Paz no era feliz. Y tenía remordimientos. Casi nunca se acordaba de su madre, "tía" Conchi, que murió como un pajarito. También lamentaba haber tratado siempre con dureza a su prima Pilar, que ahora pasaba horas muy amargas. Por si algo faltaba, su hermano, Manuel, siempre a la sombra de mosén Alberto, parecía un caso perdido: el muchacho estaba a punto de romper de una vez con sus titubeos y decirle: "El próximo curso entro en el seminario".
Cómo luchar contra lo que su tía Carmen llamaba auténtica vocación? No podía reprochar nada a Manuel. Cierto que el muchacho había recibido influencias que Paz consideraba nefastas, pero él era dueño de su porvenir. Continuaba diciendo por todas partes que las tallas de Cristo que veía y desempolvaba en el Museo Diocesano le habían provocado como un terremoto personal.
Así que uno de los consuelos de Paz era el pequeño Eloy, la mascota del piso de la Rambla y del Gerona Club de Fútbol, que se ganaba unas perras en el estadio de Vista Alegre ayudando al encargado del equipo, Rafa. Eloy era un encanto de muchacho, por su espontaneidad, por su humildad y por llamar las cosas por su nombre. El presidente del club, que seguía siendo el capitán Sánchez Bravo, le acariciaba el pelo cortado a cepillo y le decía: "Hala, te doy permiso para que pises el césped en los entrenamientos y le metas seis golazos al portero desde el punto de penalty".
Paz era generosa. La avaricia no era su pecado capital; su pecado acaso fueran los celos. A Eloy le regaló un jutbolín en miniatura, pintoresco juego que acababa de aparecer y que Matías aceptó de buen grado colocar en el cuarto del muchacho. Ambos jugaban partidas feroces; casi siempre ganaba Eloy. "Gracias, tío Matías. Mañana le pegaré otra paliza".
A Eloy cada día se le marcaban más las pecas del rostro, lo que le distinguía de los demás. Paz apretaba en ellas la molla del dedo y le decía: "Quién nos garantiza que eres vasco? No habrás llegado de Suecia o algo así?". Paz decía "algo así" porque no tenía una idea muy precisa de los demás países escandinavos.

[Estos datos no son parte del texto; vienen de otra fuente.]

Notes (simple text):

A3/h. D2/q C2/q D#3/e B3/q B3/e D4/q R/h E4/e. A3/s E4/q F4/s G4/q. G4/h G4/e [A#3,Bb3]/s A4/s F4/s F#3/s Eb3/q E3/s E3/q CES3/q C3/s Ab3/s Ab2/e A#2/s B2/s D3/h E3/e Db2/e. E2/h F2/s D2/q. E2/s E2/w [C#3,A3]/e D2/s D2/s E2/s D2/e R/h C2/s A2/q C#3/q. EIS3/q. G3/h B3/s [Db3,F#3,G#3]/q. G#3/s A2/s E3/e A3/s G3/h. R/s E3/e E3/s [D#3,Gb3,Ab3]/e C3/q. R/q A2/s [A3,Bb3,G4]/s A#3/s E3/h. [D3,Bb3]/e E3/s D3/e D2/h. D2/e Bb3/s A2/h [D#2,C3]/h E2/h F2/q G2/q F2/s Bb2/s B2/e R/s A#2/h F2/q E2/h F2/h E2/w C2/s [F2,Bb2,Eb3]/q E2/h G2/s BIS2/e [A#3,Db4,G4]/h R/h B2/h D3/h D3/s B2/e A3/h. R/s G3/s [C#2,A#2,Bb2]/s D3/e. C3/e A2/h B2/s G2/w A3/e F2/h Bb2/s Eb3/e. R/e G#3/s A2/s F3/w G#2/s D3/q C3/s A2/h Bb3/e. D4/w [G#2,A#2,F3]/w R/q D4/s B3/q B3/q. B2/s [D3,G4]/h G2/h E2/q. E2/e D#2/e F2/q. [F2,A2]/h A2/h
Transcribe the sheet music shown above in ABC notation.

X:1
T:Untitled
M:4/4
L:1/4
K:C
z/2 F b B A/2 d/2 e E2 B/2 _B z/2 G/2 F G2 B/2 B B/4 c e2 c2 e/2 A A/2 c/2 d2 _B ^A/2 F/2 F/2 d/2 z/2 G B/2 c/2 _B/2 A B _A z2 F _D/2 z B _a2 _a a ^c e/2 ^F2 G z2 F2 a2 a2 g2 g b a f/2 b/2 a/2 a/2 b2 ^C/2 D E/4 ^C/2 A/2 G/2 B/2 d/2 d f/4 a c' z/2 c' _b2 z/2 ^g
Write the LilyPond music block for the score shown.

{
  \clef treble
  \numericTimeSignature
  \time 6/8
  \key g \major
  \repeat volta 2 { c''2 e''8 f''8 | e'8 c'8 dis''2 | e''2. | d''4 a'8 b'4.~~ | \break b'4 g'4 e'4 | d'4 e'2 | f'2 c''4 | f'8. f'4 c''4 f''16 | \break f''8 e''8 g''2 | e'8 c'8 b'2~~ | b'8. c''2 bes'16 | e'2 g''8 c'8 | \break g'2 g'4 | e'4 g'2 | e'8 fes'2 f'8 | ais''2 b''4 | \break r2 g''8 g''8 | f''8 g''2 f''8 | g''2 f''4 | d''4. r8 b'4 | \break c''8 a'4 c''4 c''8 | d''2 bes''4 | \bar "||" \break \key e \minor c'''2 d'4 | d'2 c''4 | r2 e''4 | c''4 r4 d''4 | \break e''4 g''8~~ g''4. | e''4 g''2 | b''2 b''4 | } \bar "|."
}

Paz ya no iba a la Agencia Gerunda, porque por fin le habían encontrado, en la calle del Carmen, el piso confortable que andaba buscando, pero no por ello la Torre de Babel había renunciado a la muchacha. Una y otra vez se hacía el encontradizo y le enviaba ramos de flores. La verdad es que la Agencia Gerunda había prosperado lo suyo, gracias a su acuerdo con los Costa, y lo mismo la Torre de Babel que Padrosa, que el abogado Mijares, podían permitirse una serie de lujos con los que aquéllos jamás hubieran podido soñar en el Banco Arús. El papeleo era cada vez más complicado y la clientela afluía sin cesar. Padrosa esperaba poseer un coche para plantearle a Silvia, la manicura, sus propósitos de boda; la Torre de Babel esperaba lo mismo para hacerle a Paz una declaración formal. Los Costa los animaban. "Son dos bombones, dos peces de color". Paz, pensando en la Torre de Babel, estiraba los brazos y bostezaba y luego se iba a ver al librero Jaime para entregarle la cuota mensual que pagaba para el Socorro Rojo.
CAPÍTULO IV
MATEO Y SUS COMPAÑEROS gerundenses continuaban en el lago limen, que en buena parte estaba helado. Alfonso Estrada seguía muerto de miedo y contando cuentos tremebundos -que ahora no tenía que inventarse- alrededor de las hogueras. Cacerola le escuchaba como quien oye llover. A él le bastaba con escribir cartas a Hilda, su madrina alemana, que se portaba muy bien con él, que le contestaba a menudo y le enviaba paquetes con tabaco y gojosinas, además de alguna revista con generosa carne de mujer. Gracia Andújar era otra cosa, "se hacía desear"; o tal vez el correo desde España funcionase deficientemente. Sin embargo, les habían dicho que una vez a la semana salía un avión que desde Riga y pasando por Berlín enlazaba con la "madre patria".